In Vietnam, approximately 30 percent of the total workforce shifted from low productive agriculture to relatively more productive manufacturing and service jobs.

Vietnam Benefits Greatly from Reallocation of its Labor Force Away from Agriculture
Photo: Reuters
Transition from a low- to middle-income country generally involves the combination of two key factors: favorable demography and sectoral transformation. Sectoral transformation is defined as a reallocation of the labor force from less to more productive sectors.
As expected, Vietnam greatly relied on these two factors, which on average counted for approximately three-fourths of its per capita output growth during 1996–2012. 
The big decline in the fertility rate from 5 children to 2.5 children per mother led to an increase in the share of working-age people relative to dependents from 124 percent in 1985 to 238 percent in 2015 (the peak), and to 228 percent in 2018.
So long as these new workers were able to find jobs, the arithmetic of more workers than dependents provided a window of opportunity to accelerate growth before the workers start to age, contributing on average 1.7 percentage points of GDP per capita growth per year over the past 25 years.
Over the past two decades, Vietnam also benefited from the reallocation of its labor force away from agriculture, which is a key stylized fact observed in most dynamic low-income countries. 
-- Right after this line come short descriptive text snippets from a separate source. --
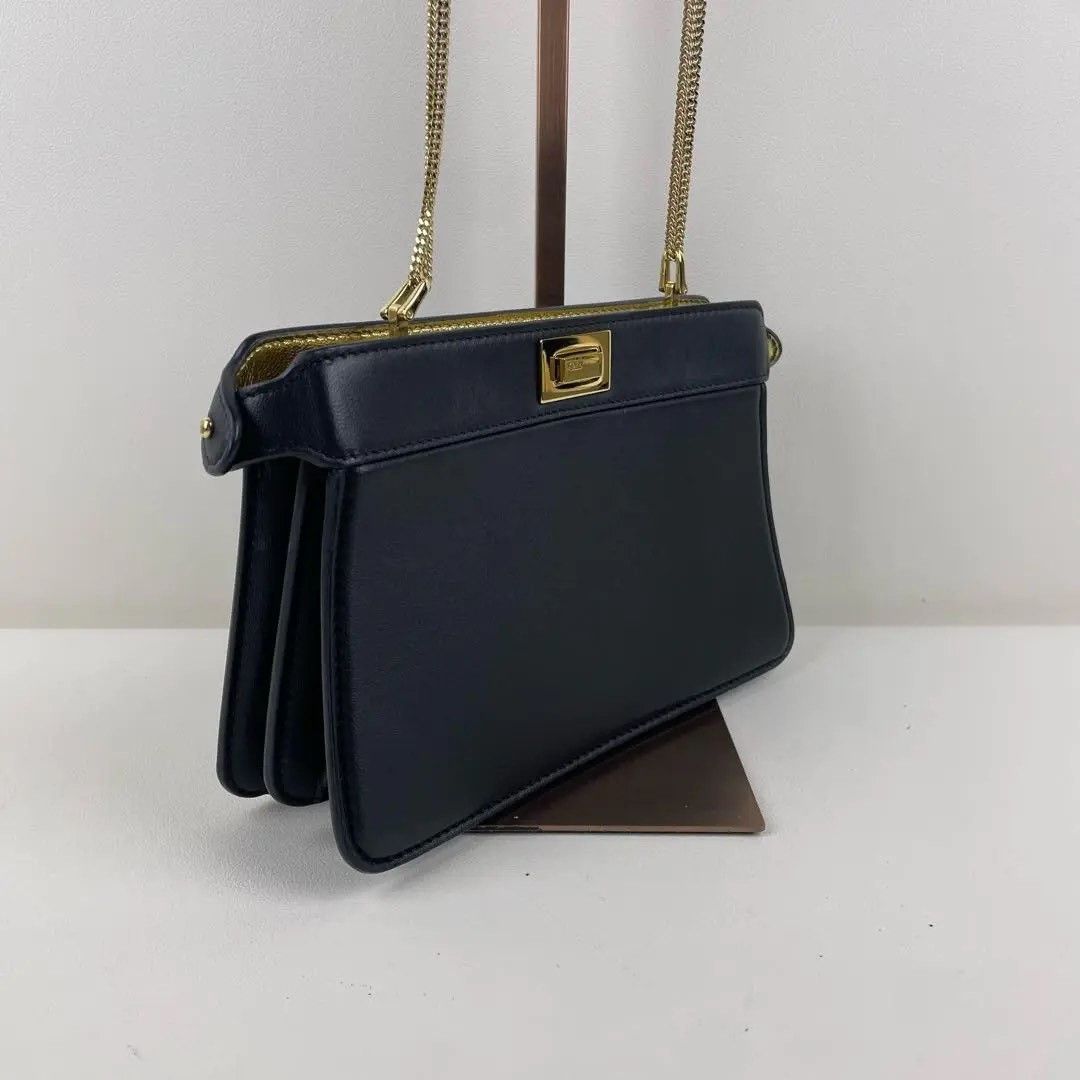 Fendi Pre-loved Bag Very good condition Size ONE SIZE - 2 Thumbnail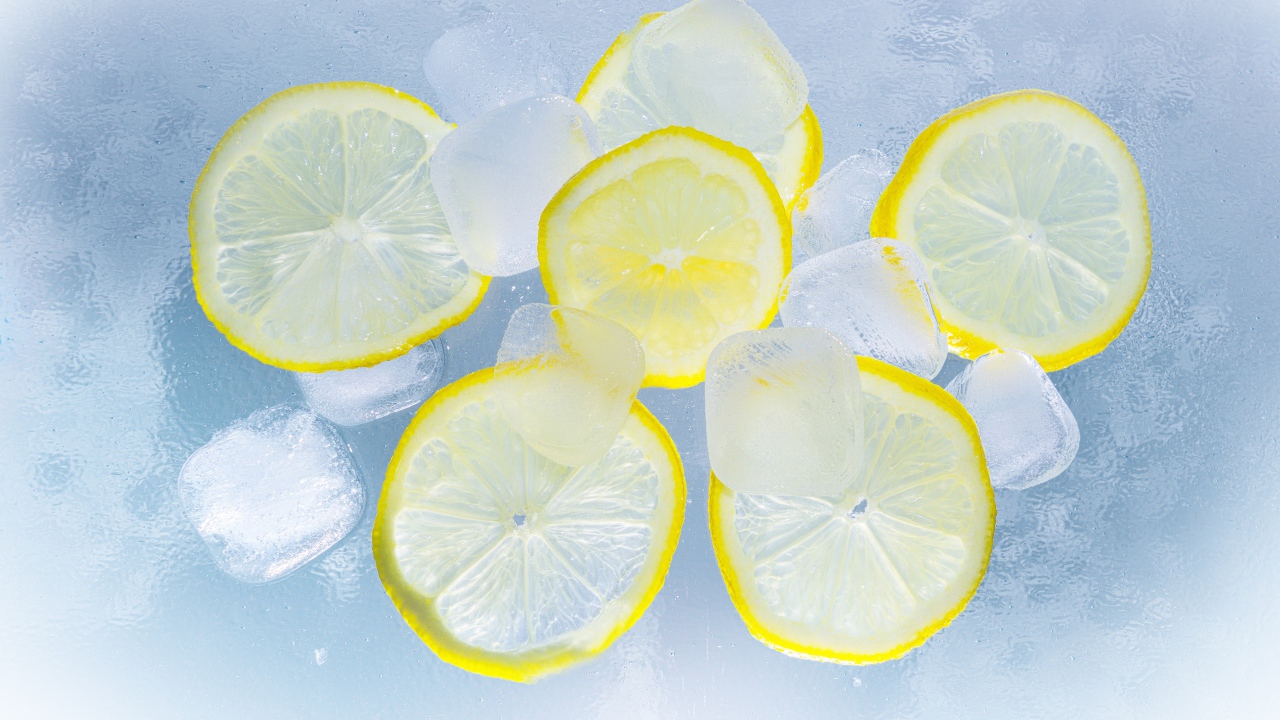 Кусочки лимона со льдом крупным планом
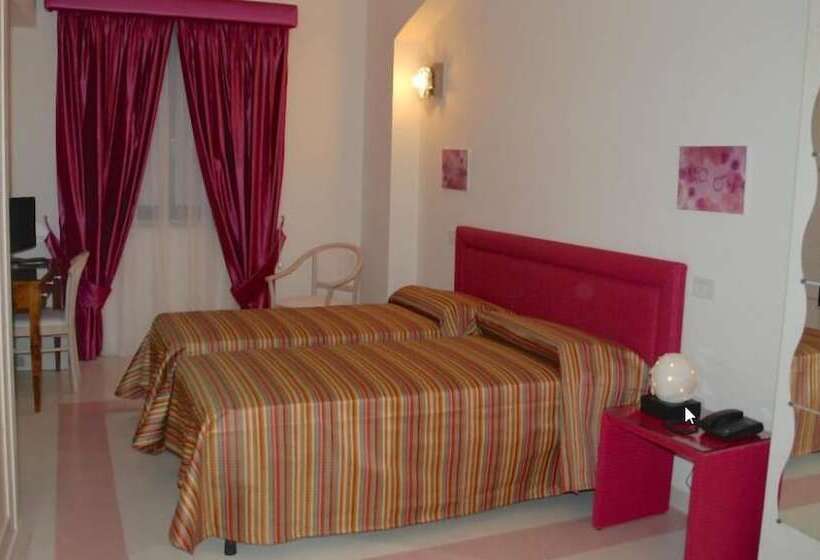 基本三人间, Albergo Le Dodici Lune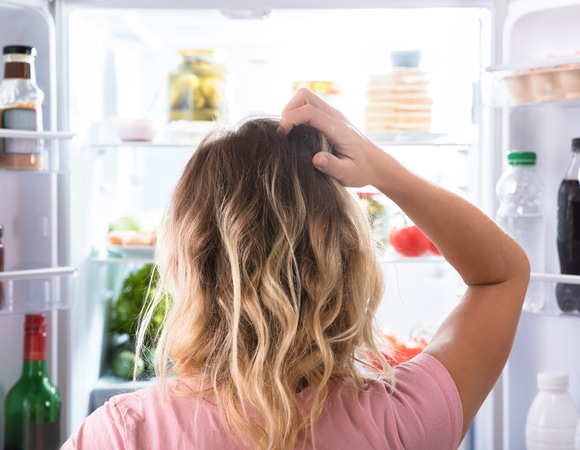 Названы 7 признаков пищевой зависимости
In Vietnam, approximately 30 percent of the total workforce shifted from low productive agriculture to relatively more productive manufacturing and service jobs, generating intersectoral productivity gains equivalent to about 3.4 percentage points of GDP per year during 1996–2012. 
This shift was encouraged by the initial productivity gains in the agricultural sector as fewer workers were required per output—the push factor. It was also enhanced, on the pull side, by the rapid industrialization process, as many new workers were absorbed by the manufacturing industry, which has been a traditional source of relatively well-paid wage employment.
Today the employment structure in Vietnam looks very different; respective shares of agriculture, industry, and services in total employment are 39.5 percent, 25.8 percent, and 34.7 percent, compared to 68.6 percent, 12.3 percent, and 19.1 percent in early 1990s. These two traditional drivers of economic growth, however, will weaken as a country graduates from its low-income status. 
According to a recent World Bank study, about 80 percent of labor productivity growth in low-income countries comes from the reallocation of labor, while this contribution is only 36 percent and 32 percent in lower- and upper middle-income countries, respectively. Similarly, the demographic dividend tends to diminish in more mature economies. In line with the above cross-country empirical evidence, both the demographic dividends and the speed of the structural transformation are projected to slow in Vietnam. 
Driven by a rise in life expectancy and declining birth rates, Vietnam’s population is aging rapidly, leading to a substantial decrease in the ratio of working-age people to dependents from about 230 percent today to 200 percent in 2030 and only 165 percent in 2050. 
Similarly, while the shift of the labor force toward industry and services should continue, the magnitude of these intersectoral labor movements (and their associated productivity gains) should decrease. The capacity of nonagricultural sectors to absorb all the released workers will diminish with the greater deployment of skills-intensive technologies. The declining trend in productivity of receiving domestic sectors, mainly the informal service sector in urban centers, already points in that direction.